В Вене его высочество обедал с австрийским императором, русский посланник Андрей Кириллович Разумовский давал в честь великого князя роскошные обеды и балы, австрийцы по случаю войны балов не устраивали, зато устраивали парады и смотры — Константин Павлович был на них желанным и почетным гостем. Когда сын российского императора появился в ложе венского оперного театра, раздались рукоплескания — так высоко ценили австрийцы участие российских войск в Итальянской кампании. Между тем Суворов уже прибыл в армию, и победы посыпались на союзные войска как из рога изобилия.
— Надобно просить великого князя ехать скорее к армии, а то мы ничего не застанем; я знаю Суворова, теперь уже он не остановится, — сказал граф Дерфельден Комаровскому.
И Константин, щедро одарив венских сановников, поторопился. Вскоре он был уже в расположении русских войск. При встрече фельдмаршал пал пред ним на колени, хотя, по другим воспоминаниям, просто отвесил низкий поклон с неизбежным шутовским выкриком: «Помилуй Бог! Сын моего природного государя!»{151} Эксцентрик повстречался с эксцентриком, вместе они должны были задать французам взбучку.
Роль и пределы полномочий Константина Павловича были туманны, и оттого великого князя сопровождала тень легкого, хотя и почтительного недоумения — посланник ли он государя и исполнитель его воли? сторонний ли наблюдатель? смиренный ли подчиненный Суворова?

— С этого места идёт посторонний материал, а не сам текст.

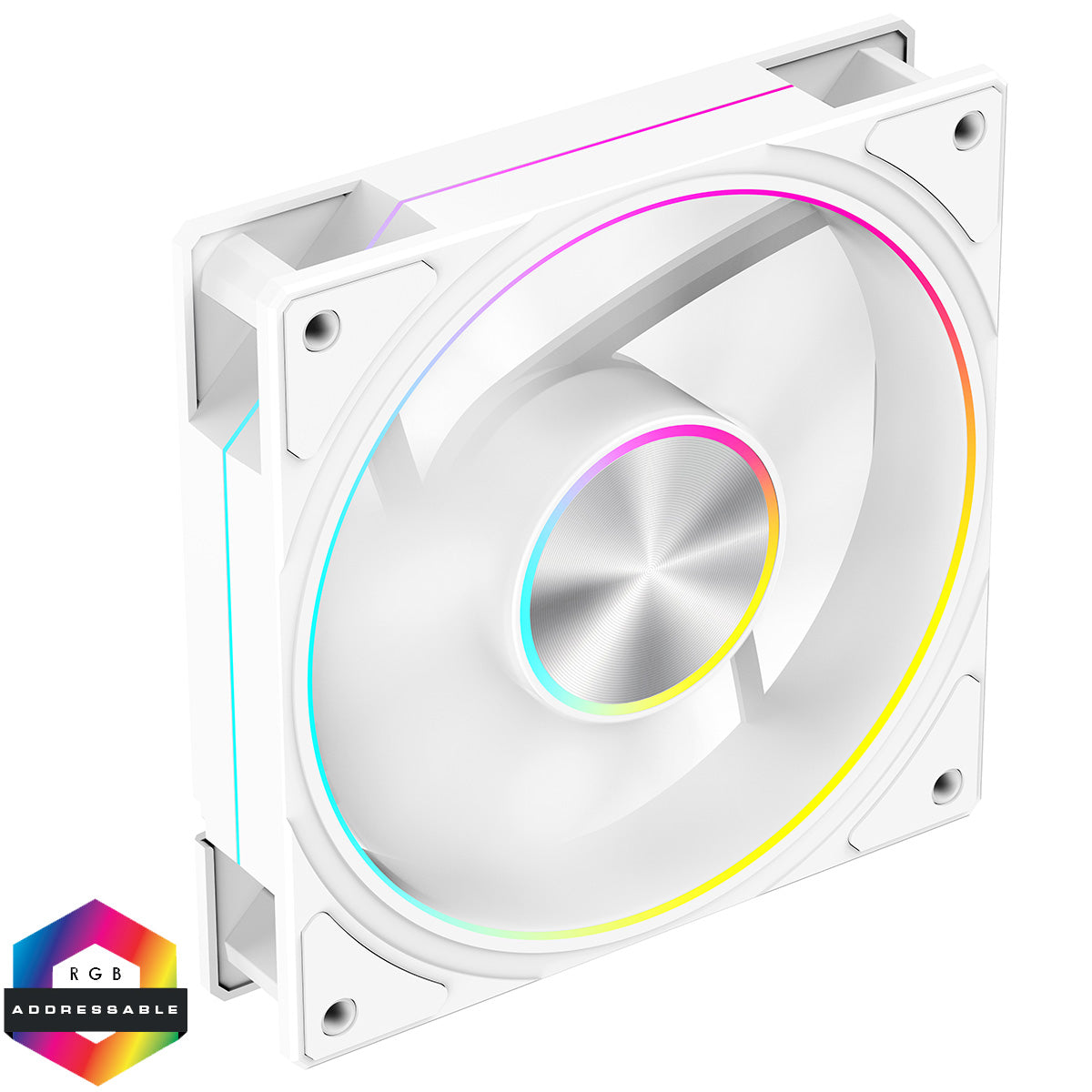 Powercool Airflow 120mm ARGB White 4pin PWM PC Cooling Fan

Всё решило сражение при деревне Бассиньяно. Константину пригрезилось, что давно пора вступать в бой, но генерал Розенберг отчего-то медлит. Генерал просто ждал подкрепления, силы армий были слишком неравны, но великого князя терзало нетерпение, он закипел и поторопил Розенберга, как водится, не церемонясь:
— Вы привыкли служить в Крыму, там были покойны и неприятеля в глаза не видели.
Розенберг и правда служил в Крыму, служил совсем неплохо и неприятеля в глаза, в отличие от великого князя, конечно же видел. Но безумные слова породили безумные действия. Заслуженного генерала обвиняли в трусости! И кто? Сын природного государя. Обида лишила Розенберга трезвости, схватив шпагу, он повел войска вперед, вброд, через реку По, не дожидаясь подкрепления, и вступил в бой с явно превосходящими силами противника. Французы сразу же потеснили нападавших, предусмотрительно испортив паром — русские отступали, но переправиться через По оказалось не на чем, солдаты тонули, два орудия пришлось оставить противнику, гремели выстрелы, раздавались страшные крики тонувших, кровь мешалась с водой. Испугавшись сумятицы и неразберихи, лошадь великого князя понесла и помчалась прямо в реку. Дюжий казак вовремя заметил непорядок и спас царственного волонтера, схватив лошадь под уздцы и выведя ее на берег.